Cloudflare Ditches Nginx For In-House, Rust-Written Pingora

Written by Michael Larabel in Linux Networking on 15 September 2022 at 02:56 PM EDT. 105 Comments
LINUX NETWORKING
Cloudflare has long relied upon Nginx as part of its HTTP proxy stack but now has replaced it with their in-house, Rust-written Pingora software that is said to be serving over one trillion requests per day and delivering better performance while only using about a third of the CPU and memory resources.

Cloudflare has "outgrown" Nginx and ended up creating their own HTTP proxy stack. Cloudflare found that Nginx's worker process architecture was hitting drawbacks, particularly around CPU resources. Nginx also proved to be difficult to extend to their needs.

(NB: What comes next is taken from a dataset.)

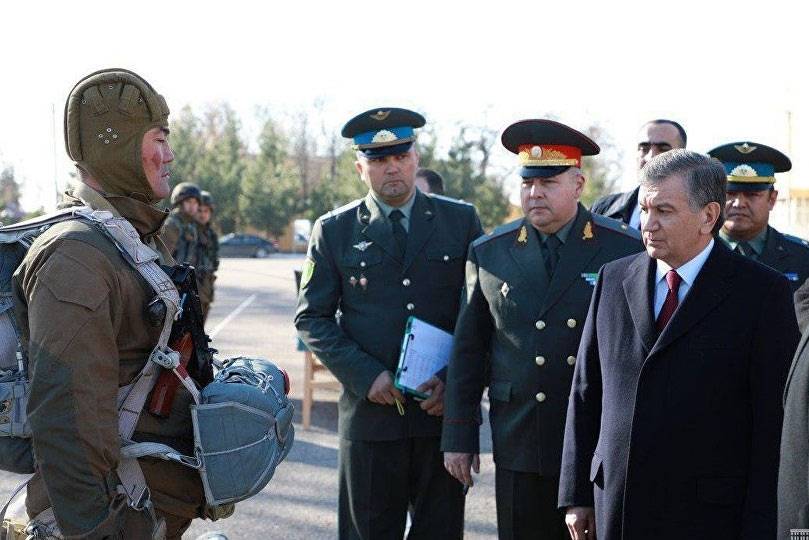 «Бронепоезд» узбекской армии набирает скорость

Cloudflare engineers have been developing Pingora from scratch as an in-house solution. The Rust programming language was chosen for its memory safety while still delivering C-like performance. Cloudflare also implemented their own HTTP library for Rust in order to suit all of their different needs. Pingora employs a multi-threaded architecture rather than multi-process.


Cloudflare Pingora diagram.


As for the performance benefits with Pingora:
In production, Pingora consumes about 70% less CPU and 67% less memory compared to our old service with the same traffic load.

Beyond the staggering performance wins, Pingora is also deemed safer thanks in large part to the use of Rust.

Those wishing to learn more about Cloudflare's Pingora project can do so via the Cloudflare blog. The only downside is that Pingora isn't yet open-sourced -- Cloudflare says they are working out the plans to, but as of right now this HTTP proxy isn't yet public.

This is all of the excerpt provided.